Stored data:
****
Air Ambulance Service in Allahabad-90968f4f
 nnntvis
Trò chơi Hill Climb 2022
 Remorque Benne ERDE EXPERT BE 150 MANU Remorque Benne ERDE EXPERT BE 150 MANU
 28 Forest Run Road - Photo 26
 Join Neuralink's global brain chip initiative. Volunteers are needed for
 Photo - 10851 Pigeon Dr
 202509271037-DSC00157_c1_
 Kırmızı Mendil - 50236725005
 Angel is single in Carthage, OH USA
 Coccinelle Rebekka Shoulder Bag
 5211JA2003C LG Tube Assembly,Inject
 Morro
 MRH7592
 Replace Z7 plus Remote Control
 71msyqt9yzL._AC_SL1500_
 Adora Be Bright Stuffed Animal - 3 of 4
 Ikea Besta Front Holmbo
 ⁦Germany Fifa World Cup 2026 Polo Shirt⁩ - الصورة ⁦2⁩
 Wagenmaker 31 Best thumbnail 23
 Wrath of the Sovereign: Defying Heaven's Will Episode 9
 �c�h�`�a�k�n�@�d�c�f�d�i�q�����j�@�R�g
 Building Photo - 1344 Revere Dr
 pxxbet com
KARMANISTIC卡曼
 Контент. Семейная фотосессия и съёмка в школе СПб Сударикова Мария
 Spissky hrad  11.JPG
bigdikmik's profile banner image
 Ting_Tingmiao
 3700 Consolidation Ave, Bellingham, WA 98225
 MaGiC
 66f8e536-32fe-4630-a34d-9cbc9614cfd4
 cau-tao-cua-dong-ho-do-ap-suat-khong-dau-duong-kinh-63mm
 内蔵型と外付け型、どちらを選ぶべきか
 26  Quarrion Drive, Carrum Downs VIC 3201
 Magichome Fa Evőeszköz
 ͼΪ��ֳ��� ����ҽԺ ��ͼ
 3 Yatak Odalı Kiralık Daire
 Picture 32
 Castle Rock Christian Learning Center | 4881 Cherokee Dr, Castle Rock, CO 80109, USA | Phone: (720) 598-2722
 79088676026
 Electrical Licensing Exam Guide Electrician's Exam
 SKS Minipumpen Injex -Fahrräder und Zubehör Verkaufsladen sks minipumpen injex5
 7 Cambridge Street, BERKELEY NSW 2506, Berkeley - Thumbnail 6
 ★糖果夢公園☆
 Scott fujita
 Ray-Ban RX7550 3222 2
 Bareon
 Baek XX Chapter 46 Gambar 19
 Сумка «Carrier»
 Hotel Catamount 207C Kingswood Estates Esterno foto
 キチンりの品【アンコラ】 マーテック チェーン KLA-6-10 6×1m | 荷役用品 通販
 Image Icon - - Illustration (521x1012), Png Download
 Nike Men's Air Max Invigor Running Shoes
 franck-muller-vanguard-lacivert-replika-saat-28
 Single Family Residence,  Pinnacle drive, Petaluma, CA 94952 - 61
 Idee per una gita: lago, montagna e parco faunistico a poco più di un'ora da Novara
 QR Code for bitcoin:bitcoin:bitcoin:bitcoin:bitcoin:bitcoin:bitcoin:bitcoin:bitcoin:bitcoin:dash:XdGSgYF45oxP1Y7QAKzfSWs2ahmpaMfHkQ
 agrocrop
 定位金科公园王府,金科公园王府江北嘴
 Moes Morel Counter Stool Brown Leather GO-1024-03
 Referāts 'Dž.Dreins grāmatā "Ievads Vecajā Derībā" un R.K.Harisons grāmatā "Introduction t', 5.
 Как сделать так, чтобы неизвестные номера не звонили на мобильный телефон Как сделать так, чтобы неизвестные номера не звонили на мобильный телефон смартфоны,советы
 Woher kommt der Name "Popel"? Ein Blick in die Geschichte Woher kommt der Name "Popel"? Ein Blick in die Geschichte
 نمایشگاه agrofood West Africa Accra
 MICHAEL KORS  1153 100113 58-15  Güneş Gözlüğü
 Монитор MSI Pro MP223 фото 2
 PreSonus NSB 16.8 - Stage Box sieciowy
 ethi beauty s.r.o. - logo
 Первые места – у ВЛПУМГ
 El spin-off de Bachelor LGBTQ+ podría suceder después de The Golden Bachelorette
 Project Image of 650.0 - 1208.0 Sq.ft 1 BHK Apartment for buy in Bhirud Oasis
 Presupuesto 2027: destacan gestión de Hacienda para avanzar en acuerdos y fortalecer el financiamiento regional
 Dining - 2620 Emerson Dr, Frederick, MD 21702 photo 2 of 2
****
TASK OBJECTIVE:
Each line of the data above should appear again in your answer, exactly as given.

SOLUTION FOR THIS TASK:
Air Ambulance Service in Allahabad-90968f4f
 nnntvis
Trò chơi Hill Climb 2022
 Remorque Benne ERDE EXPERT BE 150 MANU Remorque Benne ERDE EXPERT BE 150 MANU
 28 Forest Run Road - Photo 26
 Join Neuralink's global brain chip initiative. Volunteers are needed for
 Photo - 10851 Pigeon Dr
 202509271037-DSC00157_c1_
 Kırmızı Mendil - 50236725005
 Angel is single in Carthage, OH USA
 Coccinelle Rebekka Shoulder Bag
 5211JA2003C LG Tube Assembly,Inject
 Morro
 MRH7592
 Replace Z7 plus Remote Control
 71msyqt9yzL._AC_SL1500_
 Adora Be Bright Stuffed Animal - 3 of 4
 Ikea Besta Front Holmbo
 ⁦Germany Fifa World Cup 2026 Polo Shirt⁩ - الصورة ⁦2⁩
 Wagenmaker 31 Best thumbnail 23
 Wrath of the Sovereign: Defying Heaven's Will Episode 9
 �c�h�`�a�k�n�@�d�c�f�d�i�q�����j�@�R�g
 Building Photo - 1344 Revere Dr
 pxxbet com
KARMANISTIC卡曼
 Контент. Семейная фотосессия и съёмка в школе СПб Сударикова Мария
 Spissky hrad  11.JPG
bigdikmik's profile banner image
 Ting_Tingmiao
 3700 Consolidation Ave, Bellingham, WA 98225
 MaGiC
 66f8e536-32fe-4630-a34d-9cbc9614cfd4
 cau-tao-cua-dong-ho-do-ap-suat-khong-dau-duong-kinh-63mm
 内蔵型と外付け型、どちらを選ぶべきか
 26  Quarrion Drive, Carrum Downs VIC 3201
 Magichome Fa Evőeszköz
 ͼΪ��ֳ��� ����ҽԺ ��ͼ
 3 Yatak Odalı Kiralık Daire
 Picture 32
 Castle Rock Christian Learning Center | 4881 Cherokee Dr, Castle Rock, CO 80109, USA | Phone: (720) 598-2722
 79088676026
 Electrical Licensing Exam Guide Electrician's Exam
 SKS Minipumpen Injex -Fahrräder und Zubehör Verkaufsladen sks minipumpen injex5
 7 Cambridge Street, BERKELEY NSW 2506, Berkeley - Thumbnail 6
 ★糖果夢公園☆
 Scott fujita
 Ray-Ban RX7550 3222 2
 Bareon
 Baek XX Chapter 46 Gambar 19
 Сумка «Carrier»
 Hotel Catamount 207C Kingswood Estates Esterno foto
 キチンりの品【アンコラ】 マーテック チェーン KLA-6-10 6×1m | 荷役用品 通販
 Image Icon - - Illustration (521x1012), Png Download
 Nike Men's Air Max Invigor Running Shoes
 franck-muller-vanguard-lacivert-replika-saat-28
 Single Family Residence,  Pinnacle drive, Petaluma, CA 94952 - 61
 Idee per una gita: lago, montagna e parco faunistico a poco più di un'ora da Novara
 QR Code for bitcoin:bitcoin:bitcoin:bitcoin:bitcoin:bitcoin:bitcoin:bitcoin:bitcoin:bitcoin:dash:XdGSgYF45oxP1Y7QAKzfSWs2ahmpaMfHkQ
 agrocrop
 定位金科公园王府,金科公园王府江北嘴
 Moes Morel Counter Stool Brown Leather GO-1024-03
 Referāts 'Dž.Dreins grāmatā "Ievads Vecajā Derībā" un R.K.Harisons grāmatā "Introduction t', 5.
 Как сделать так, чтобы неизвестные номера не звонили на мобильный телефон Как сделать так, чтобы неизвестные номера не звонили на мобильный телефон смартфоны,советы
 Woher kommt der Name "Popel"? Ein Blick in die Geschichte Woher kommt der Name "Popel"? Ein Blick in die Geschichte
 نمایشگاه agrofood West Africa Accra
 MICHAEL KORS  1153 100113 58-15  Güneş Gözlüğü
 Монитор MSI Pro MP223 фото 2
 PreSonus NSB 16.8 - Stage Box sieciowy
 ethi beauty s.r.o. - logo
 Первые места – у ВЛПУМГ
 El spin-off de Bachelor LGBTQ+ podría suceder después de The Golden Bachelorette
 Project Image of 650.0 - 1208.0 Sq.ft 1 BHK Apartment for buy in Bhirud Oasis
 Presupuesto 2027: destacan gestión de Hacienda para avanzar en acuerdos y fortalecer el financiamiento regional
 Dining - 2620 Emerson Dr, Frederick, MD 21702 photo 2 of 2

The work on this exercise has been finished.